To even get the interview, there are biases and barriers. Passing standardized tests is anything but fair, between the cost to merely sit for the exam, the disadvantage for non-native English speakers, and the limitations on persons with disabilities. Having famous mentors and letter writers is a luxury of your institution. Performing well on rotation is at the mercy of your circumstances. Life happens. 

Away rotations 

Moreover, beyond the cost of interviews, there’s the “aways.” In a typical year, students do up to five away rotations. Financially, this means covering rent at home, and subletting on the road, paying for food, transportation, and utilities along the way. 

This practice favors the fiscally fortunate, and pushes others less so into more debt. That certainly is not helping to bridge disparities in the field. At times, it seems medicine, for all its advances, is stuck in its ways and needs a push in the right direction. Forcing programs to interview virtually and limiting students to one away could be the push we needed. 

The virtual interview may be the great equalizer to some degree. My peers have interviewed in Los Angeles, Miami, Chicago, Seattle, when they would have never taken the chance because flights and hotels are expensive. 

These peers are brilliant scientists and compassionate leaders who will one day be life-changing physicians. The schools beyond their typical reach would be lucky to train them. 

But what about the mental burden of overthinking Zoom lighting and audio quality, of the ever-present risk of technical difficulties and lost internet connections, of choosing a future home without stepping foot on site, without a single handshake? Equalizer yes, easy no. 

Force for good? 

At the end of the day, is virtual our new normal? Did we choose correctly? Did we use our technological aptitude for good? Like any other marriage, we pick residency programs for better or worse. Sitting at the end of the interview season, tired of staring at screens and adjusting lighting, I’m reminded that this is nearly the end of a long journey.
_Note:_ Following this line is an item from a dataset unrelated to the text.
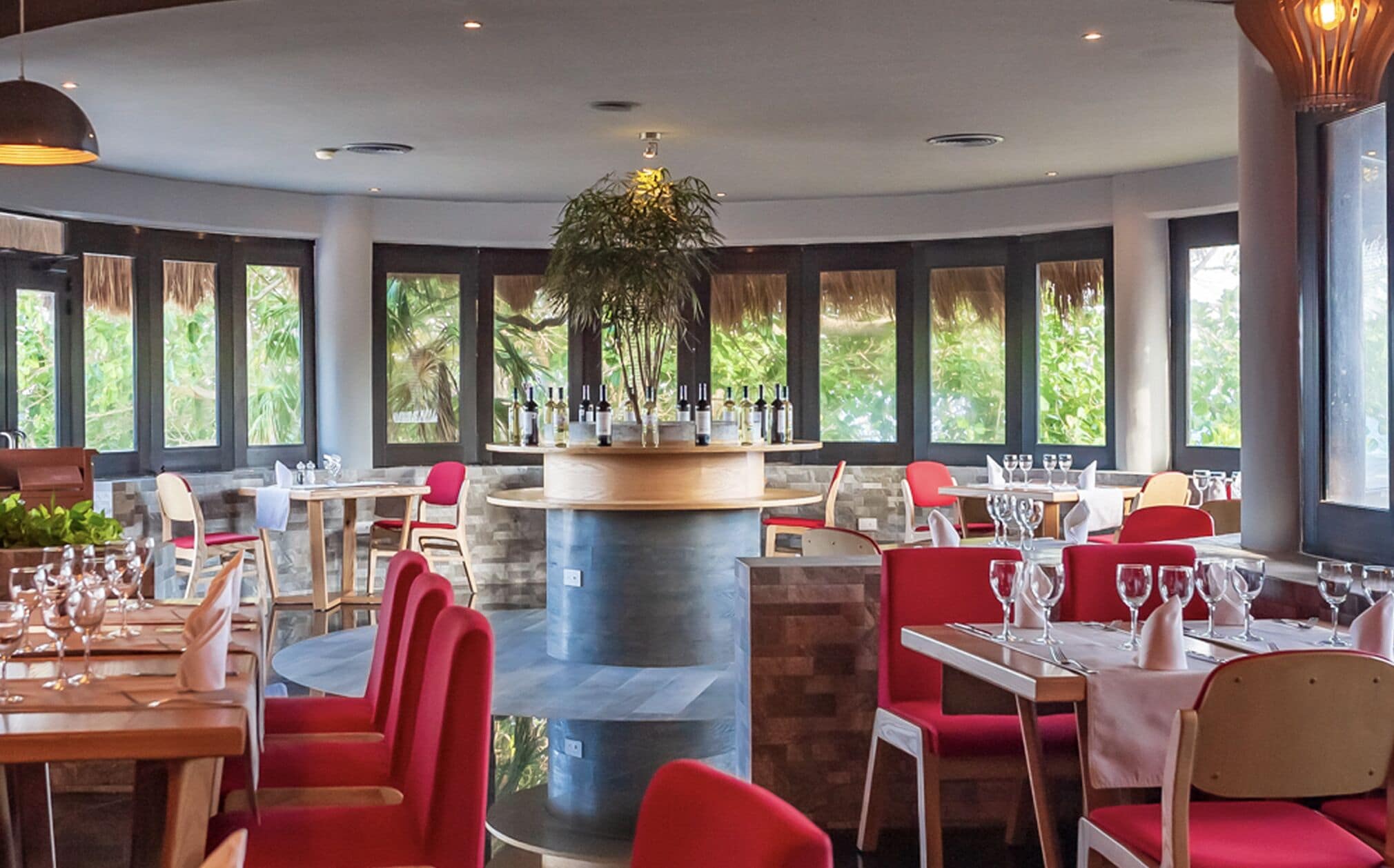 A restaurant with round tables, red chairs, a central bar, and large windows with greenery outside.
Years of schooling and hours spent on resume-building, volunteering, research—all for this. As students, we shadowed, scribed, and nervously followed residents on rounds hoping that we had the right dressings in our white coat pockets. Now, we would be adding MD to our names and, with it, the very real responsibility for patients. While the remainder of our medical education has been relegated to online lectures and our board exams may have been delayed more times than we care to count, we’re ready. 
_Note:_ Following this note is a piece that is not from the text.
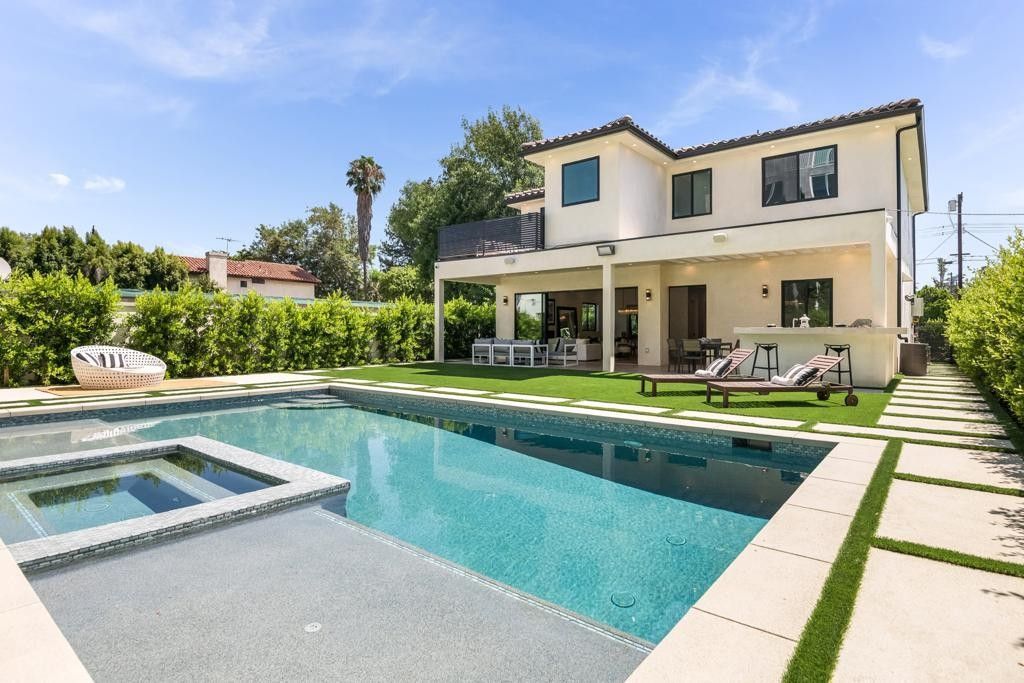 A two-story house with a pool and jacuzzi in the backyard. Someone is lounging on a chair.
When we walk through the hospital come July, the beginning of the end, I’ll be happy to see where this journey takes us—possibly to a place we would have never seen if not for a microscopic virus forcing our hand. The pandemic has been a challenge, but perhaps it imposed some equity on a process long due for a change. 

Lauren Cralle, BS, is a medical student who will graduate in the Class of 2022 from University of Massachusetts Medical School.